The terms close substitute and perfect substitutes are often used interchangeably.

But, do you know that there have been marked differences?. We will be looking at these differences in this post. 

Substitute means to use something in place of another. 

A substitute good is good that consumers perceived as being similar to another good

Substitute goods are very similar to each other such that there can be used in place of another.

Substitute goods have a positive cross-price elasticity of demand indicating that the rise in the price of one good will result in a rise in the quantity demand of other goods.

What are close substitutes?

Close substitutes are similar products intended to satisfy the same needs but are slightly differentiated.

Coca-Cola and Pepsi are examples of close substitute goods.

What are perfect substitutes?

Perfect substitutes are similar goods intended to satisfy the same needs and are not differentiated.

In the eyes of the consumer, perfect substitutes have no differences at all.

The cross-price elasticity of the perfect substitutes is positive infinity there is a positive and absolute relationship between the goods 

Differences between Close substitutes and perfect substitutes

1. Close substitutes are usually differentiated whereas perfect substitutes are not differentiated.
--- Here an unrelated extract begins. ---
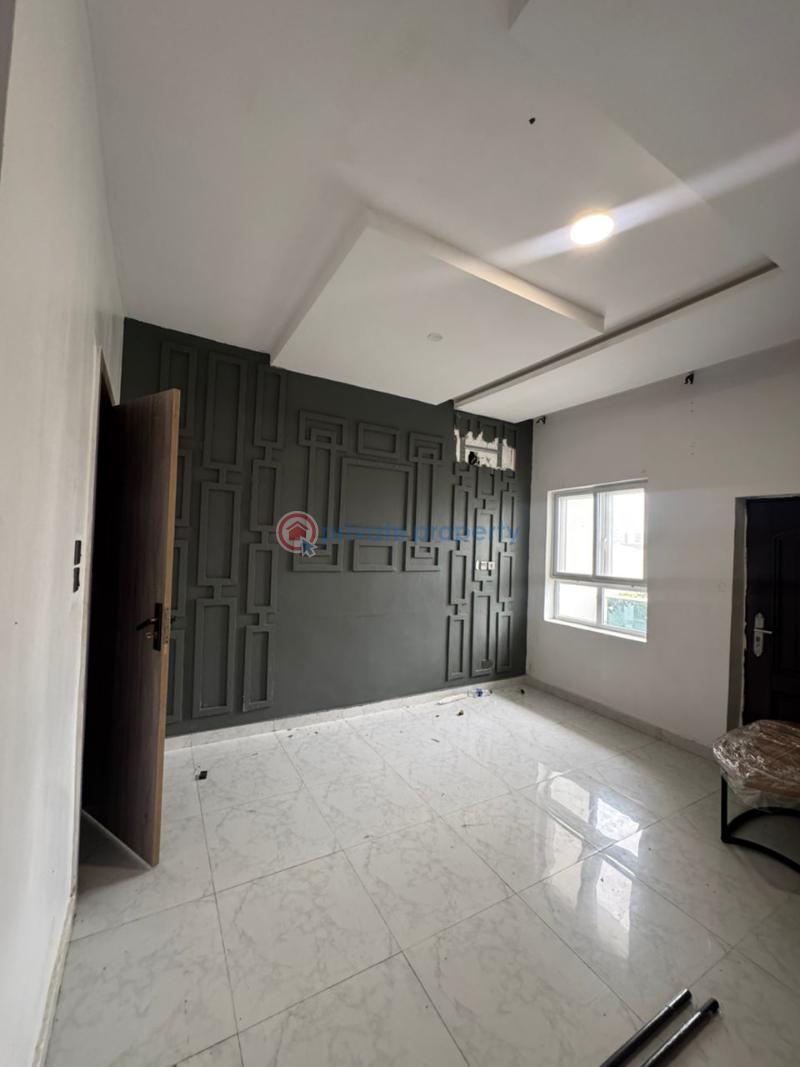 2 bedroom Flat & Apartment For Sale Lekki Phase 1 Lagos - 4
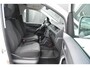 Volkswagen Caddy Maxi 1.4 TSI L2H1 BMT AIRCO | CRUISE | MARGE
Rather, they are identical in the eyes of the consumer.

2. Demand for perfect substitutes is perfectly elastic, so if the price is raised, there won't be any demand.

For example, if goods A and goods B are perfect substitutes, then an increase in the price of goods A will result in zero quantity demanded because consumers will switch over to goods B since they perceive goods A and goods B as the same.

On the other hand, close substitutes have a relatively elastic demand, which is highly sensitive to price changes.

To illustrate, if goods A and goods B are close substitutes, then an increase in the price of Goods A, will reduce its demand significantly, but not to zero.

This is because the two goods are slightly differentiated.

3. Perfect substitutes are common in perfectly competitive markets whereas close substitutes are common in monopolistic competitive markets.